═════ Source material

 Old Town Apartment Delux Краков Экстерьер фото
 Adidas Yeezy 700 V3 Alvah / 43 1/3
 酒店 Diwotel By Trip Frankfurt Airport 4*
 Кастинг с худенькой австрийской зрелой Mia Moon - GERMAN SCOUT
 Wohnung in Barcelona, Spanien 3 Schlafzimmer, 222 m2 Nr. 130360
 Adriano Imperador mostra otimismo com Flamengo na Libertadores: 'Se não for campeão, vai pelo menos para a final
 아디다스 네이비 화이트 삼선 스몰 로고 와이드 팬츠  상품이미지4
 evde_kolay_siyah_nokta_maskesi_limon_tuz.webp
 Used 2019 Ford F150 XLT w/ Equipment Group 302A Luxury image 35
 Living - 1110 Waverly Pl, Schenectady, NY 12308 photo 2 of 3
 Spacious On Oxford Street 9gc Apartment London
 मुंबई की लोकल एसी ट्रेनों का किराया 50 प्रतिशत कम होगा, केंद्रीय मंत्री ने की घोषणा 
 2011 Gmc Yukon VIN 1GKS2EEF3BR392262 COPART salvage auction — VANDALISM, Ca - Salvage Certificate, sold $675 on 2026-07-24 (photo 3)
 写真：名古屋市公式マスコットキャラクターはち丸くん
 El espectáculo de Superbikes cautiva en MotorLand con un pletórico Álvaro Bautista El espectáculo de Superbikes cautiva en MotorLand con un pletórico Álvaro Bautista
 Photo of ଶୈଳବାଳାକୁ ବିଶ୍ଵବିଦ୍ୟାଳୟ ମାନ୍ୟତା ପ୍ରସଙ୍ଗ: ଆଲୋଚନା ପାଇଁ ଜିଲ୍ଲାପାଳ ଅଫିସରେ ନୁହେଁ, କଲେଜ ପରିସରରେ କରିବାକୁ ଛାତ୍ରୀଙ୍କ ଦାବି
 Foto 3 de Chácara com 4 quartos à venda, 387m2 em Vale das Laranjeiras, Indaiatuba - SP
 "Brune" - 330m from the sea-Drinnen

══════════

What to work on - What lines in the data include the string "Apartment"? Copy each one.

Answer box -
 Old Town Apartment Delux Краков Экстерьер фото
 Spacious On Oxford Street 9gc Apartment London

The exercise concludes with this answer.